Source data Block Start

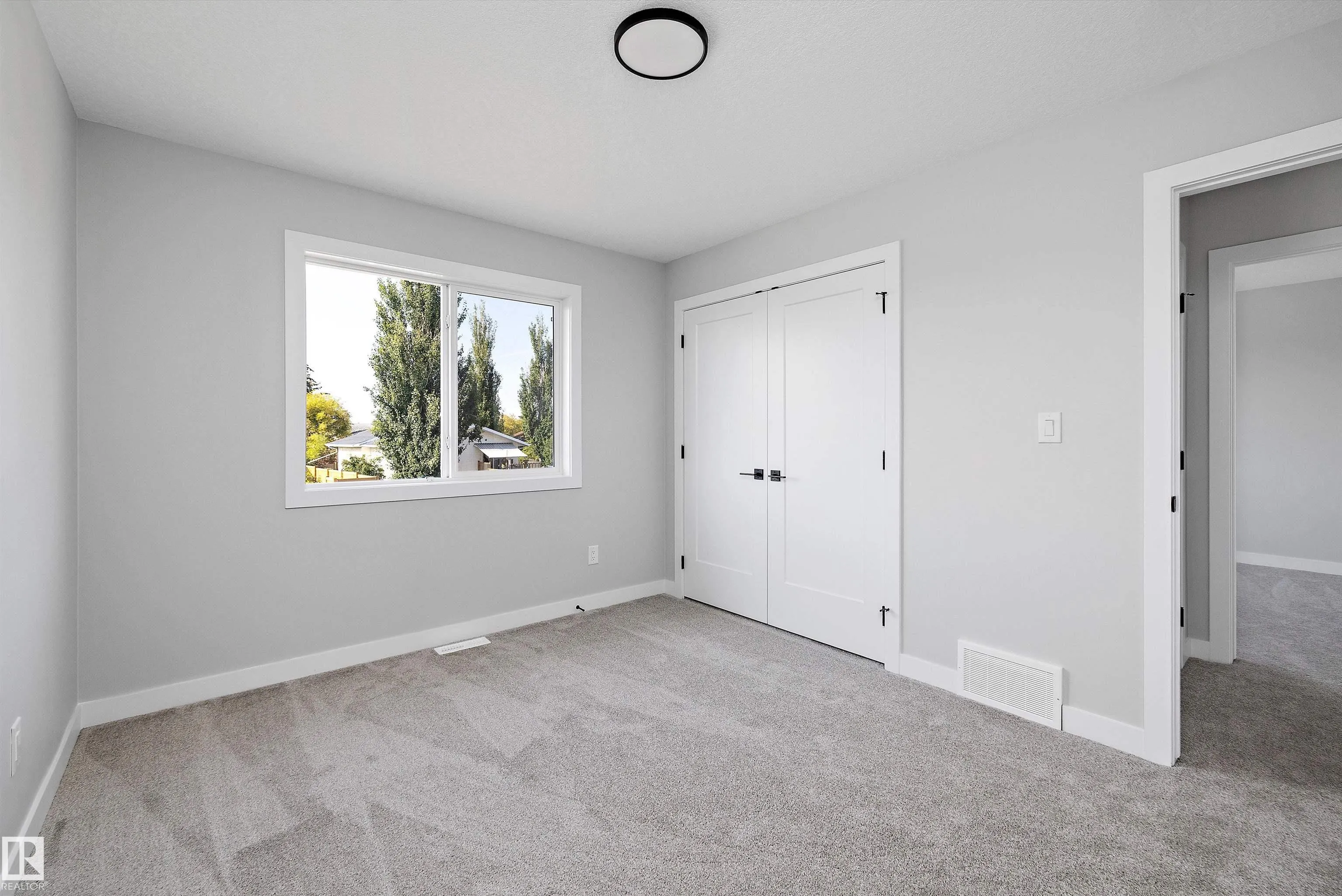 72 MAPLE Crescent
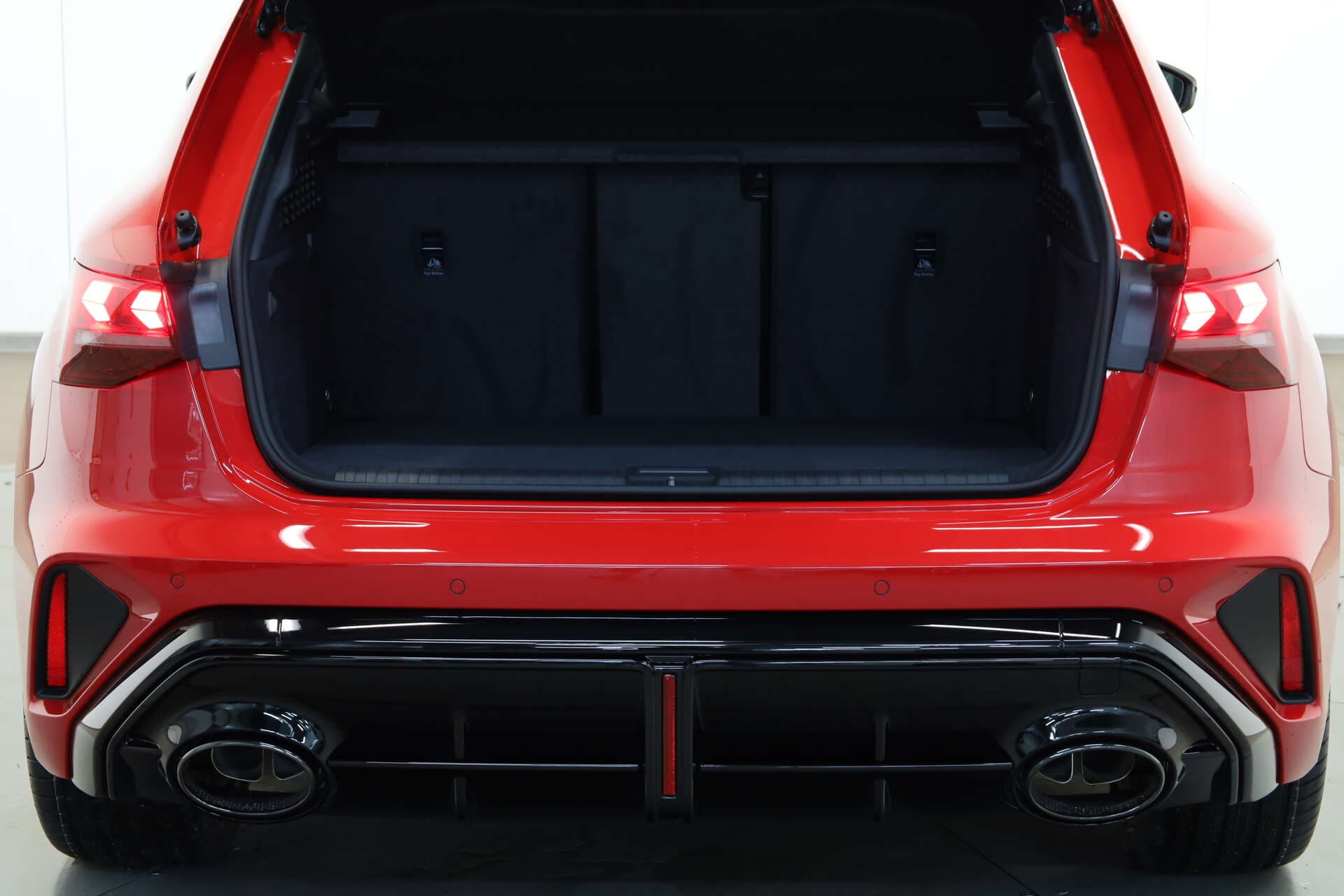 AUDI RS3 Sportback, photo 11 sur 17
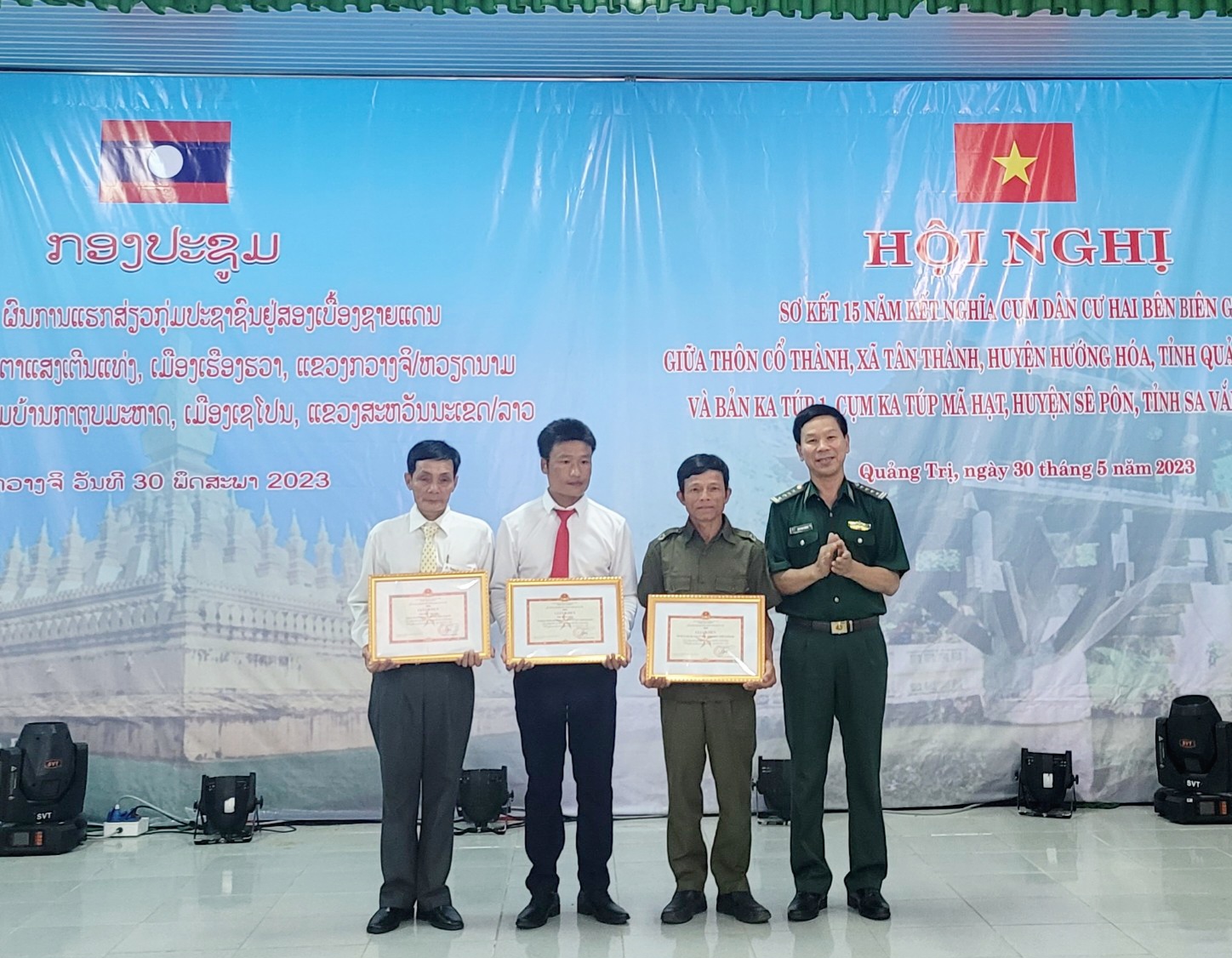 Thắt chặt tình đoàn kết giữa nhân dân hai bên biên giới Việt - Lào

Source data Block End
Source data Block Start

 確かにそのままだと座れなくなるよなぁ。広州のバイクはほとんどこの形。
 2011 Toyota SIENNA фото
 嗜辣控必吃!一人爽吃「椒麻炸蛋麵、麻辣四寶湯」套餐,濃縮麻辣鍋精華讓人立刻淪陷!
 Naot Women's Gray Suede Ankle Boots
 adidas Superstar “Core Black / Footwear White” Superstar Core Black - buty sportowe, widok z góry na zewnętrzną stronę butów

Source data Block End
Source data Block Start

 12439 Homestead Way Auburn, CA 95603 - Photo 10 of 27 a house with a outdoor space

Source data Block End

Going back over the entries above, copy word for word every line from the one that has "確かにそのままだと座れなくなるよなぁ。広州のバイクはほとんどこの形。" on through the one that has "zewnętrzną stronę butów".

 確かにそのままだと座れなくなるよなぁ。広州のバイクはほとんどこの形。
 2011 Toyota SIENNA фото
 嗜辣控必吃!一人爽吃「椒麻炸蛋麵、麻辣四寶湯」套餐,濃縮麻辣鍋精華讓人立刻淪陷!
 Naot Women's Gray Suede Ankle Boots
 adidas Superstar “Core Black / Footwear White” Superstar Core Black - buty sportowe, widok z góry na zewnętrzną stronę butów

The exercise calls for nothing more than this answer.